> **THE TASK**
In the data below, the answer is the run of lines from the line containing "Charming condo featuring" through the line containing "Rear view of property with a patio", both included; print it exactly and nothing else.
*** THE DATA ***
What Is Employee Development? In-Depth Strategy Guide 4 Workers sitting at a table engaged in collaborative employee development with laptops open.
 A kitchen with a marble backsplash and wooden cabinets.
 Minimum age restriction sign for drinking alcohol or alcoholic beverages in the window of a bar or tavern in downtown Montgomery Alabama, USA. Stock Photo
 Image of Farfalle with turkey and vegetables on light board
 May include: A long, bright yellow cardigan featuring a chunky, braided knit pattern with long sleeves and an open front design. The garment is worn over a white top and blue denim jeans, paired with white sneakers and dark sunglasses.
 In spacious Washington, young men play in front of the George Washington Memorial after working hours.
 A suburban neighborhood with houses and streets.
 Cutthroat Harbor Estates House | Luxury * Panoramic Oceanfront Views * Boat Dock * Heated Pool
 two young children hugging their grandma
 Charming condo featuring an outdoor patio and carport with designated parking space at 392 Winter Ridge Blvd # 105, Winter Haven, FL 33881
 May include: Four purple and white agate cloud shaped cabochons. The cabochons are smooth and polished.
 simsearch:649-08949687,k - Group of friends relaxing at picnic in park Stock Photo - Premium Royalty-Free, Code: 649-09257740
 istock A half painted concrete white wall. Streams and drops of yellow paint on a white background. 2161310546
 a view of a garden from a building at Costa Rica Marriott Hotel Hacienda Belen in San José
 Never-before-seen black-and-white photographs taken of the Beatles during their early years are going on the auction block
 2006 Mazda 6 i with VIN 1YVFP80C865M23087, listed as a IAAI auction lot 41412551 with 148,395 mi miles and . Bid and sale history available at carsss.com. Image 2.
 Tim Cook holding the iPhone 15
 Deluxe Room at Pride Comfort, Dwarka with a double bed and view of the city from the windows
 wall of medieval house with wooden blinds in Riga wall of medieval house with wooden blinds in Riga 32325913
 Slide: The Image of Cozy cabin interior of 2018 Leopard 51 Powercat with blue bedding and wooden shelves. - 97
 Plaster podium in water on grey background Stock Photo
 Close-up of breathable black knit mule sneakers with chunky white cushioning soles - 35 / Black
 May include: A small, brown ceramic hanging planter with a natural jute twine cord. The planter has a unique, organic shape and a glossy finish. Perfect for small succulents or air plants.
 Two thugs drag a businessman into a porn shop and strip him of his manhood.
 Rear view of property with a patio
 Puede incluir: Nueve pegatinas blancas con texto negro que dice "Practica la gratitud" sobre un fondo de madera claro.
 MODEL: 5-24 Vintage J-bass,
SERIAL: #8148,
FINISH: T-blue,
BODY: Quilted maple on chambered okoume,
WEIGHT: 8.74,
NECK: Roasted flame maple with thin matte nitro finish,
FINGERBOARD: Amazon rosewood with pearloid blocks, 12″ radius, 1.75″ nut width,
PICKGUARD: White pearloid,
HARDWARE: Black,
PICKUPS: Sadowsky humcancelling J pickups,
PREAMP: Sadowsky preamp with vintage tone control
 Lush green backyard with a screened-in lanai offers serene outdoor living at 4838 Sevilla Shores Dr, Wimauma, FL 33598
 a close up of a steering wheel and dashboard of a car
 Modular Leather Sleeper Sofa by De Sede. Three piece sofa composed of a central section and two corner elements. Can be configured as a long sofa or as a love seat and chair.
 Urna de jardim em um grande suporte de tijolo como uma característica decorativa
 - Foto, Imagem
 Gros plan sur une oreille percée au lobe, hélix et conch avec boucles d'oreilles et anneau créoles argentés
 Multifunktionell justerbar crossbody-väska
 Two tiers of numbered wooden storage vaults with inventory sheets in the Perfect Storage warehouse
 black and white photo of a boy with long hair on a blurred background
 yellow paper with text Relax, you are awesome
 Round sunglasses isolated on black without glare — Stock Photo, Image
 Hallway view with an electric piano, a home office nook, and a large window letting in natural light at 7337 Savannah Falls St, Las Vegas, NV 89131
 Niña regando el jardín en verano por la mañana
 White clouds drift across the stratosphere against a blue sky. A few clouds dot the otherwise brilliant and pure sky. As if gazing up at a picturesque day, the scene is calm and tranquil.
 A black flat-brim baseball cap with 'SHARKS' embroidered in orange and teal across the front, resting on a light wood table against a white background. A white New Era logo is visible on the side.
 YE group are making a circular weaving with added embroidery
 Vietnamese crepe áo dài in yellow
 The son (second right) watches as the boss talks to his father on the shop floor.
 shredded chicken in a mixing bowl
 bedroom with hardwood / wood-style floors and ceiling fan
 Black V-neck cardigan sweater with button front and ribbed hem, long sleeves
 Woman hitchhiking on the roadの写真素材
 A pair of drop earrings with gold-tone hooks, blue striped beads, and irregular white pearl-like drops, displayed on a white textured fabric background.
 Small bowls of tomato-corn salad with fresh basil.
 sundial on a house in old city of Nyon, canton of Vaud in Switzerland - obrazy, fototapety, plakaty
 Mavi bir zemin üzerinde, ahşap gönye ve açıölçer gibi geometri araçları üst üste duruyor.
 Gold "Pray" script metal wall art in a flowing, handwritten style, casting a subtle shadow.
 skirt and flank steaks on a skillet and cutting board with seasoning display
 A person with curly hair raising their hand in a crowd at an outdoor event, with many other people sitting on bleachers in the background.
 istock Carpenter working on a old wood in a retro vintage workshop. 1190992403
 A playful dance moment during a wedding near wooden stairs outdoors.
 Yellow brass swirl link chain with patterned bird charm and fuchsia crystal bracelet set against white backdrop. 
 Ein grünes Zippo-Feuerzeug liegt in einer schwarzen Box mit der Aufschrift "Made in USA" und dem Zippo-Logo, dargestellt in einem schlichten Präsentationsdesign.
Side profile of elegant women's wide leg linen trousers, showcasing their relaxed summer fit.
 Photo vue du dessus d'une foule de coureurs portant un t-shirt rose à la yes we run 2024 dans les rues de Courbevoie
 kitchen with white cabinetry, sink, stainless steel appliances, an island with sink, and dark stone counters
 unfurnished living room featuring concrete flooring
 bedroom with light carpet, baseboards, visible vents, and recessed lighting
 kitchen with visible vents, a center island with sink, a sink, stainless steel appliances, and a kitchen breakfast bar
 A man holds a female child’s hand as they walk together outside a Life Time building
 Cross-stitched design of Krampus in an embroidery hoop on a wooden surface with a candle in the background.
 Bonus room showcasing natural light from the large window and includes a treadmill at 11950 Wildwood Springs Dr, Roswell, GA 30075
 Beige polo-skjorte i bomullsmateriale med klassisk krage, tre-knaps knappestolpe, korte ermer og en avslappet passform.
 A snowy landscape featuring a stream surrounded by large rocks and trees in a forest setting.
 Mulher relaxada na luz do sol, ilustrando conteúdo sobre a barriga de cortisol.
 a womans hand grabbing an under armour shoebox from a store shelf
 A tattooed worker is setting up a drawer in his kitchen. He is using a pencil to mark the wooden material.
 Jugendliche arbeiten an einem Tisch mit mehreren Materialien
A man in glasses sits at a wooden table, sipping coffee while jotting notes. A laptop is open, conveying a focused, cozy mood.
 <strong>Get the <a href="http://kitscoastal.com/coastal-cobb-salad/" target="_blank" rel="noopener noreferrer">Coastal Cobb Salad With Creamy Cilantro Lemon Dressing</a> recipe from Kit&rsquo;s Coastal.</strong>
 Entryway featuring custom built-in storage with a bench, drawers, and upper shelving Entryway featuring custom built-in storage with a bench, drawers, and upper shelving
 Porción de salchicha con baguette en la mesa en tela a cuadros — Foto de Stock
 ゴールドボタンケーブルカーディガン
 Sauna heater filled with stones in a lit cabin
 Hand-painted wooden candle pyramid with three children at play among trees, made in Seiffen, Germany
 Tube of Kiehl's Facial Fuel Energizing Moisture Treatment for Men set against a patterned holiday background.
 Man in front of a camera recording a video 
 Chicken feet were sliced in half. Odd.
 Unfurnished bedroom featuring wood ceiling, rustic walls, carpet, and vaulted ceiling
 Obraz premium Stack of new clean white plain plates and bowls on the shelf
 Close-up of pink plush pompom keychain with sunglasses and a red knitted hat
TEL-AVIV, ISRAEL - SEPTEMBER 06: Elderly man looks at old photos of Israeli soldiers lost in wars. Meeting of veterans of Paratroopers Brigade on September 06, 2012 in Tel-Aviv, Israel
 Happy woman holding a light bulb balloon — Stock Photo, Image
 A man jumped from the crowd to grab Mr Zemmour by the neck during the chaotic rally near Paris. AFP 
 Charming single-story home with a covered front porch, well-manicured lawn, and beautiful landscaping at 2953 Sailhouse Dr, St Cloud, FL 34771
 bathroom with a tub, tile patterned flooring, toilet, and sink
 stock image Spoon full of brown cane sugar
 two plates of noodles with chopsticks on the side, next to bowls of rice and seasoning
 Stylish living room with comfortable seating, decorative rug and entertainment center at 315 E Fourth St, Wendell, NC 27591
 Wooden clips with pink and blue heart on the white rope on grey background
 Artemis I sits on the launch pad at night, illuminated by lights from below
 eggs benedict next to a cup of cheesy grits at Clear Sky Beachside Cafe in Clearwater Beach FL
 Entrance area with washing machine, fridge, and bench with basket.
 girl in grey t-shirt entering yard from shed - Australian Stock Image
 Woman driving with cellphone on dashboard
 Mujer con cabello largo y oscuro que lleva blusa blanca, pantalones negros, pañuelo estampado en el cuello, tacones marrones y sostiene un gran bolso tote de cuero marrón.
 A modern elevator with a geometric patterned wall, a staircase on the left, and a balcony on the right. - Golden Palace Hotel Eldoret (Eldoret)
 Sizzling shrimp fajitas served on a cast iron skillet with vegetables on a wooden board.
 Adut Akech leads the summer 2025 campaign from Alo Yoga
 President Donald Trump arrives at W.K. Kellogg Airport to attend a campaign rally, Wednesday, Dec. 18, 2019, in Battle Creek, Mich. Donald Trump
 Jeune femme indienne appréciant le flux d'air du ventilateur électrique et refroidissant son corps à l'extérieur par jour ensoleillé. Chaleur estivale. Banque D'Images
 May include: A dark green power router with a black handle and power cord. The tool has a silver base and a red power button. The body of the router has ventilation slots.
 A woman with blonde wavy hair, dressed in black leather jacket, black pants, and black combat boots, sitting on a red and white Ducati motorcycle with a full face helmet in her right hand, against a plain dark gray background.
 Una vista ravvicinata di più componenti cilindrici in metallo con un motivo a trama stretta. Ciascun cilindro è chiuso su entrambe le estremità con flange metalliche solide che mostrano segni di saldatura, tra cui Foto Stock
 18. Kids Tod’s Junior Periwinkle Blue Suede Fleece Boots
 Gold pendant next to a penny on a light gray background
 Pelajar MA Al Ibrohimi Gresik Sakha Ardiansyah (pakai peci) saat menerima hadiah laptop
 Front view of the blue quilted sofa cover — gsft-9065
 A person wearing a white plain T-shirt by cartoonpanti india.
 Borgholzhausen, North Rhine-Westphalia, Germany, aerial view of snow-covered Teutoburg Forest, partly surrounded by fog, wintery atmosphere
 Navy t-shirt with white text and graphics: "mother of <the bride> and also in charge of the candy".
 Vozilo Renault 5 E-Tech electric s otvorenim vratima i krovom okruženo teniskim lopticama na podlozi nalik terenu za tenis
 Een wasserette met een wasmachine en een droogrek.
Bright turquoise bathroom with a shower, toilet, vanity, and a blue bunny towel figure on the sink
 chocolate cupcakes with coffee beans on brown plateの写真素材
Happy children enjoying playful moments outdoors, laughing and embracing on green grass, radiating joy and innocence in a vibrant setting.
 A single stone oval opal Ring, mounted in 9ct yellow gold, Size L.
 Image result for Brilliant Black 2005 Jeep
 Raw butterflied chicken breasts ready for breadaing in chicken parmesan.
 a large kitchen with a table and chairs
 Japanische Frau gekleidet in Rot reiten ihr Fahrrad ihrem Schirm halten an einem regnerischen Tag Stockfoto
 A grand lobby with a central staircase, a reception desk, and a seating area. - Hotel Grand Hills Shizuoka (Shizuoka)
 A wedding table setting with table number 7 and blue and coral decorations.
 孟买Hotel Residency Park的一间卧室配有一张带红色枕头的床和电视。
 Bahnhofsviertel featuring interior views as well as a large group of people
***
> **WRITTEN RESPONSE**
 Charming condo featuring an outdoor patio and carport with designated parking space at 392 Winter Ridge Blvd # 105, Winter Haven, FL 33881
 May include: Four purple and white agate cloud shaped cabochons. The cabochons are smooth and polished.
 simsearch:649-08949687,k - Group of friends relaxing at picnic in park Stock Photo - Premium Royalty-Free, Code: 649-09257740
 istock A half painted concrete white wall. Streams and drops of yellow paint on a white background. 2161310546
 a view of a garden from a building at Costa Rica Marriott Hotel Hacienda Belen in San José
 Never-before-seen black-and-white photographs taken of the Beatles during their early years are going on the auction block
 2006 Mazda 6 i with VIN 1YVFP80C865M23087, listed as a IAAI auction lot 41412551 with 148,395 mi miles and . Bid and sale history available at carsss.com. Image 2.
 Tim Cook holding the iPhone 15
 Deluxe Room at Pride Comfort, Dwarka with a double bed and view of the city from the windows
 wall of medieval house with wooden blinds in Riga wall of medieval house with wooden blinds in Riga 32325913
 Slide: The Image of Cozy cabin interior of 2018 Leopard 51 Powercat with blue bedding and wooden shelves. - 97
 Plaster podium in water on grey background Stock Photo
 Close-up of breathable black knit mule sneakers with chunky white cushioning soles - 35 / Black
 May include: A small, brown ceramic hanging planter with a natural jute twine cord. The planter has a unique, organic shape and a glossy finish. Perfect for small succulents or air plants.
 Two thugs drag a businessman into a porn shop and strip him of his manhood.
 Rear view of property with a patio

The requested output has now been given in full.